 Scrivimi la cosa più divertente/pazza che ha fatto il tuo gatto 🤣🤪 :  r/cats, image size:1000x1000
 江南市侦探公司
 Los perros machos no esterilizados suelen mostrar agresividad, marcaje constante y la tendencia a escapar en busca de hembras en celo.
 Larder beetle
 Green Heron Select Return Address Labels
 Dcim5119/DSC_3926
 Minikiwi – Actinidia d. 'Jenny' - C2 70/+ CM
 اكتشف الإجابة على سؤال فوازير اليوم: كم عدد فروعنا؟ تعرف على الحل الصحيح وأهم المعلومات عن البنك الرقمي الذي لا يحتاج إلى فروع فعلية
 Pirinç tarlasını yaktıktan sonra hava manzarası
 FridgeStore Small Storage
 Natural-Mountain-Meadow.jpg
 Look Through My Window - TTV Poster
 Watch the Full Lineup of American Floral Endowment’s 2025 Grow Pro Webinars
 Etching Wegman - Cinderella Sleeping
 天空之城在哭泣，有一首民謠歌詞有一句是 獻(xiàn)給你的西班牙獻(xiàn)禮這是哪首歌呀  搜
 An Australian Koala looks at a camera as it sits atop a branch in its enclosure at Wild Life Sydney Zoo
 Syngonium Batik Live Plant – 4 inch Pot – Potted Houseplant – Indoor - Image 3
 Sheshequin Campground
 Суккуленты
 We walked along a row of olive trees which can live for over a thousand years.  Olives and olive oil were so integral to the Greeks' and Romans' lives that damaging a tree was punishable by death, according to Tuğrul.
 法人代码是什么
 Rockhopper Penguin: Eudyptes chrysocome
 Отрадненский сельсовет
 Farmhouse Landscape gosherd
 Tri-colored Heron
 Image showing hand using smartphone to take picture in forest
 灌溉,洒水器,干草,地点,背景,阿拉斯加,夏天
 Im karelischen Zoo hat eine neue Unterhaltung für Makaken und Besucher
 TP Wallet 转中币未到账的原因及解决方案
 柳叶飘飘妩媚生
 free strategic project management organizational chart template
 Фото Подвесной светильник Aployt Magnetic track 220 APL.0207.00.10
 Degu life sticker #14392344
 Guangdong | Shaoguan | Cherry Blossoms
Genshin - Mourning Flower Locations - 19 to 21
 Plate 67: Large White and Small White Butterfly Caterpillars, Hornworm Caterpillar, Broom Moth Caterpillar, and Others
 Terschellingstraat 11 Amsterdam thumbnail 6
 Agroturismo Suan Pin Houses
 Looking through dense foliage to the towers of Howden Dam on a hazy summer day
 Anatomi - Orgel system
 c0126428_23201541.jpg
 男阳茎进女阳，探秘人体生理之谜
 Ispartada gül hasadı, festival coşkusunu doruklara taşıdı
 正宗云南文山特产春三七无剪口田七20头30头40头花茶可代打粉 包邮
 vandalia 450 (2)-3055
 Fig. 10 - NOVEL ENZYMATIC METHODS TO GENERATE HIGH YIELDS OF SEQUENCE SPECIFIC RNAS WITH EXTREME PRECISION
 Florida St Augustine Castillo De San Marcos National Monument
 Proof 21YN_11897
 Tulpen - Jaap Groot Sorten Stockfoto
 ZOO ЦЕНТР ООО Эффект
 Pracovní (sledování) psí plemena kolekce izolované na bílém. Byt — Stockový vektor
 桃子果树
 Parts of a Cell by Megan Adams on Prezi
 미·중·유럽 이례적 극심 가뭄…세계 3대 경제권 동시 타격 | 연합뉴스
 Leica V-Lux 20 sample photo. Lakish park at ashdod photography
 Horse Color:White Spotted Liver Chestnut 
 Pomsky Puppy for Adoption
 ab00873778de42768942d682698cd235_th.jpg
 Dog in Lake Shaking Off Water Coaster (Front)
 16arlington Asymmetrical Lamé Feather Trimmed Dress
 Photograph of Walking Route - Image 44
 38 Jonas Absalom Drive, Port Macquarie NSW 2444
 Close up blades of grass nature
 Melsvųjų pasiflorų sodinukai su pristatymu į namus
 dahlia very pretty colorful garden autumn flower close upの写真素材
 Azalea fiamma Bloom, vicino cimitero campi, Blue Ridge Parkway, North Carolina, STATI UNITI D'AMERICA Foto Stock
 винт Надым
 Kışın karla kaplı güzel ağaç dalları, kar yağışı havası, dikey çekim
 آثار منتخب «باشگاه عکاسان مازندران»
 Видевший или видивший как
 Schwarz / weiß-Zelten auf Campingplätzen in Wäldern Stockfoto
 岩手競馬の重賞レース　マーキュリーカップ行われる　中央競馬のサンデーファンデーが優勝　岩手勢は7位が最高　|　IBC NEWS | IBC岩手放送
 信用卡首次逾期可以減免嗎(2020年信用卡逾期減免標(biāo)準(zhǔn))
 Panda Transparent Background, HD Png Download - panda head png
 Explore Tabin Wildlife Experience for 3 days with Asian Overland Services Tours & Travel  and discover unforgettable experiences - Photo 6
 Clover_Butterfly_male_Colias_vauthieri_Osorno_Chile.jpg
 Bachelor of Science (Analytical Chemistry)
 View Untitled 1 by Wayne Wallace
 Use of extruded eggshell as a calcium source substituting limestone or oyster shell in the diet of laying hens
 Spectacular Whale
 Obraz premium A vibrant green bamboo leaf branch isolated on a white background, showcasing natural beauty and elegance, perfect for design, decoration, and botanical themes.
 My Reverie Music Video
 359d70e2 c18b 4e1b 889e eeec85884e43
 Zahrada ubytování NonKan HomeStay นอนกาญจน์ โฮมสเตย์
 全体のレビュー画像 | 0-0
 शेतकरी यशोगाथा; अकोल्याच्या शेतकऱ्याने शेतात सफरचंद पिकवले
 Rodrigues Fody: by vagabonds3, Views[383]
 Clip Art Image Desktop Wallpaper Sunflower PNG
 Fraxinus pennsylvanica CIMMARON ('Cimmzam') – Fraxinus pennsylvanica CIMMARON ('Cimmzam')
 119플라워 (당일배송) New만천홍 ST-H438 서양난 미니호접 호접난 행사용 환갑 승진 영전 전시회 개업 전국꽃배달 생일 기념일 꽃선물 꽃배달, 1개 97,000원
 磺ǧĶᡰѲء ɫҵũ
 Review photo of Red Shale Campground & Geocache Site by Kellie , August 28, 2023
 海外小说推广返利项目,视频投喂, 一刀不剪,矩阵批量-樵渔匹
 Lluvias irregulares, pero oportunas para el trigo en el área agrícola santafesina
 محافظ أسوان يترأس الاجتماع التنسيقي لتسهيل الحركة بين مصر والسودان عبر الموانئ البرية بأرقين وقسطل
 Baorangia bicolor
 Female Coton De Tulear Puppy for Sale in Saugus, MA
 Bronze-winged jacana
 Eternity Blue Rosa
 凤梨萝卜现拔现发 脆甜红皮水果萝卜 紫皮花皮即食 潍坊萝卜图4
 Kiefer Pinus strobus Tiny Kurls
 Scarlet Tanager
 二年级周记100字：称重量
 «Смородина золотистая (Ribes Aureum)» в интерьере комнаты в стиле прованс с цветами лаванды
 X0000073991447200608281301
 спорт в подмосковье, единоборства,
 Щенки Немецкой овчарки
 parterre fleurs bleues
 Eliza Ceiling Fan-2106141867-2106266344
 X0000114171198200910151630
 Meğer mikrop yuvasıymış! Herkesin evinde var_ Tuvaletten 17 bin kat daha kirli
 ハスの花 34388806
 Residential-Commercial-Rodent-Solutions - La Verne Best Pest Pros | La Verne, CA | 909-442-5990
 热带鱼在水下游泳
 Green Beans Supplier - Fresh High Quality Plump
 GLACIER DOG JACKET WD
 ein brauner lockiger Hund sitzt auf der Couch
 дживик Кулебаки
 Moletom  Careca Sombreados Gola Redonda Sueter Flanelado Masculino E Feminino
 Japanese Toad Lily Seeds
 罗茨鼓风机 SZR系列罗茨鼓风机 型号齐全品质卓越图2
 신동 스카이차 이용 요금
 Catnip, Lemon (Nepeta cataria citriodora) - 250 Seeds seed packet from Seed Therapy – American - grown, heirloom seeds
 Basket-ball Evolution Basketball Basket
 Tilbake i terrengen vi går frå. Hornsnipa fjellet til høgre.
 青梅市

----

Try it: Copy each line of the data that includes the word "Heron".

Output for this exercise:
 Green Heron Select Return Address Labels
 Tri-colored Heron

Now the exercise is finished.